Case No. 13,293.
In re STANSELL.
[6 N. B. R. 183.]1
Circuit Court, W. D. Michigan.
1872.
BANKRUPTCY—PETITION—BY—SECURED—CREDITOR.
A debt wholly or in part secured, either by levy under an execution by pledge of personal property or mortgage upon real estate, will sustain a petition for an adjudication of bankruptcy. The better practice is, when the debt is fully secured, to waive the security in the petition, but this is not necessary to its support.
[Cited in Phelps v. Schick. Case No. 11,070; Re McConnell. Id. 8,712; Re California Pac. It. Co., Id. 2,315; Re Broich, Id. 1,021; Re Crossette, Id. 3,435.]

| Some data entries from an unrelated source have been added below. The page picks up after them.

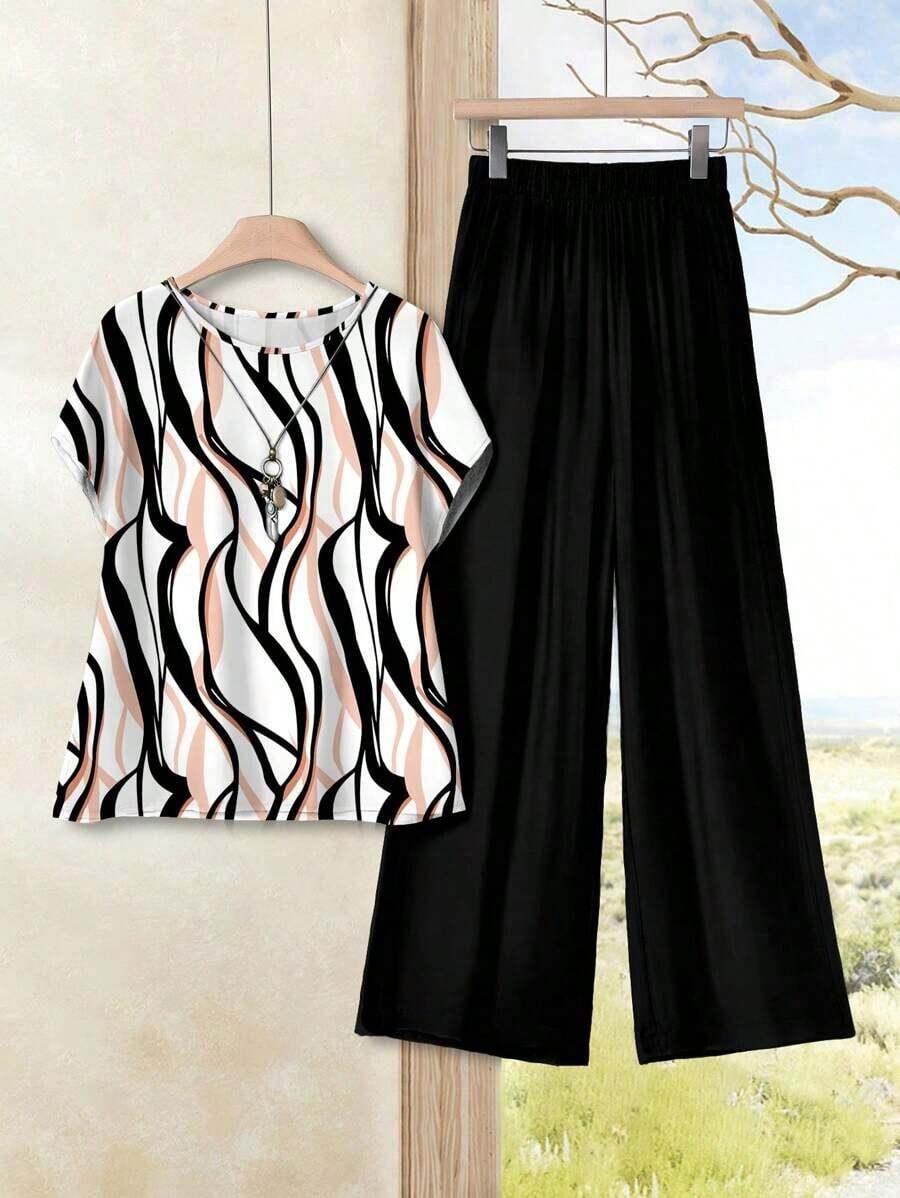 2 piezas Conjunto ajustado de mujer con estampado geométrico de bloques de color, adecuado para primavera y verano, apropiado para salir, casual - Multicolor 5 - Ver 1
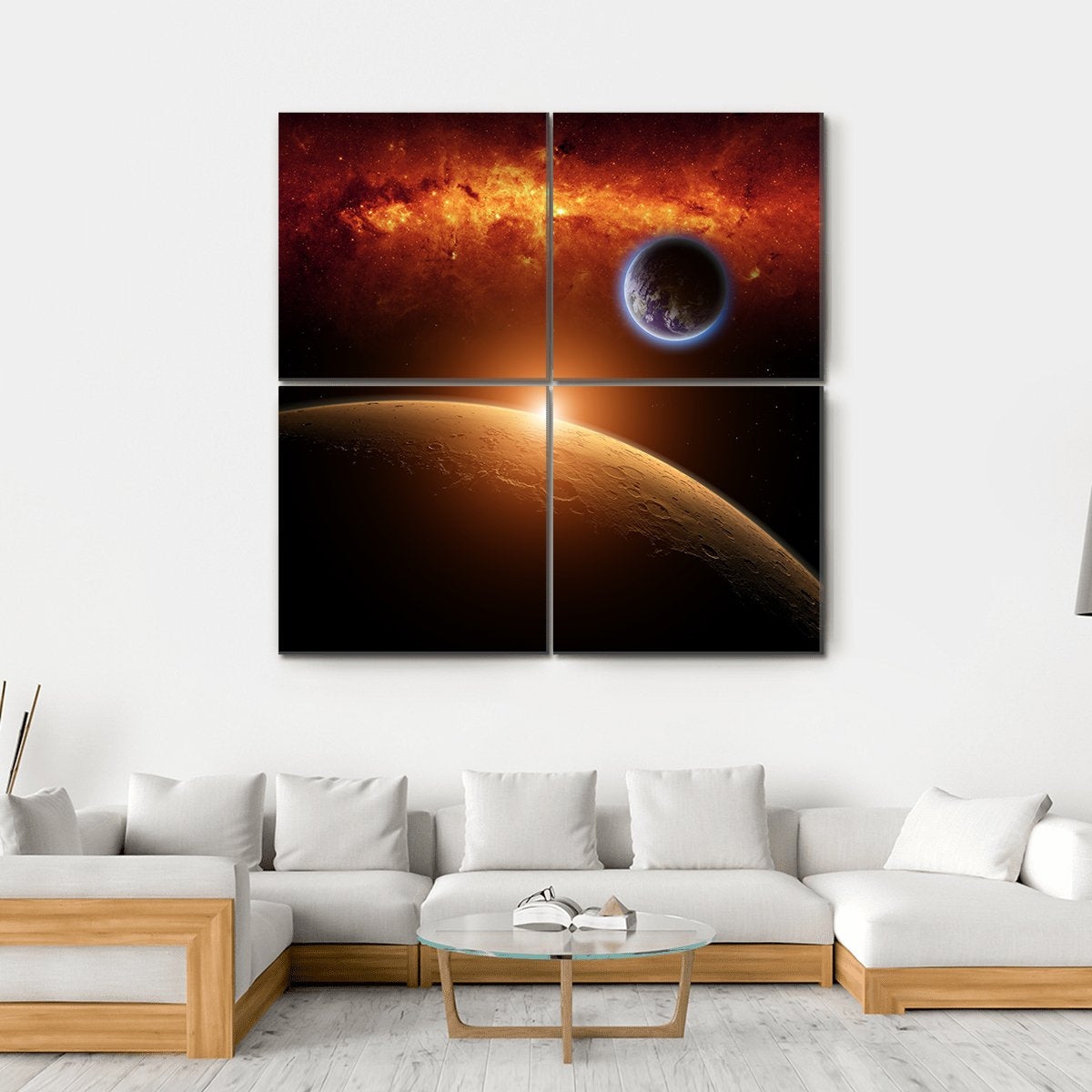 Planets Earth And Mars In Space Red Galaxy Bright Red Sun Canvas Wall Art-4 Square-Gallery Wrap-17" x 17"-Tiaracle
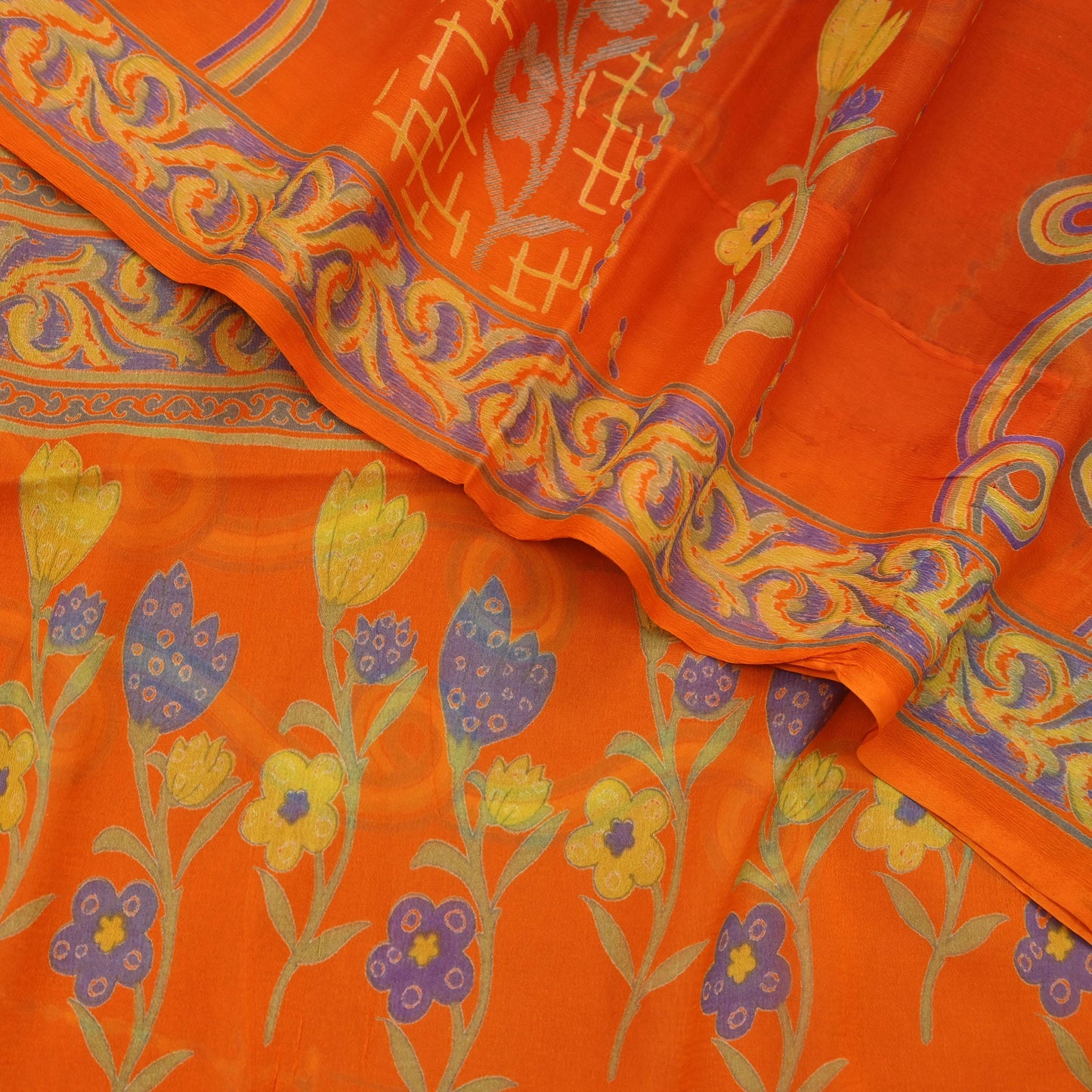 Women Vintage Orange Saree Blend Chiffon Printed Sari Craft Fabric Sewing 6Yd Soft Light Sari Dress Making Floral Crafting Quilting Upcycle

[Cited in Paddock v. Stout, 121 Ill. 574, 13 N. E. 182.]
[Appeal from the district court of the United States for the Western district of Michigan.
[In bankruptcy.]
Mr. Atwell, for creditors.
Mr. Ballard, for debtor.
EMMONS, Circuit Judge. The only question which arises on this appeal is, can one whose debt is fully secured become a petitioning creditor for an adjudication in bankruptcy? The petition was dismissed in the district court upon the ground that he could not. The creditor had obtained judgment for his debt and levied upon property so much encumbered that no bids could be procured. It is found that its value beyond the encumbrances, exceed the amount of the judgment. The creditor, however, disagreed in opinion with the witnesses, and, waiving his security by an amendment of the petition, asks to be permitted to stand as favorably in court as if he had no judgment and 1060levy. The particulars of the practice need not be mentioned, as these facts sufficiently present the point for judgment.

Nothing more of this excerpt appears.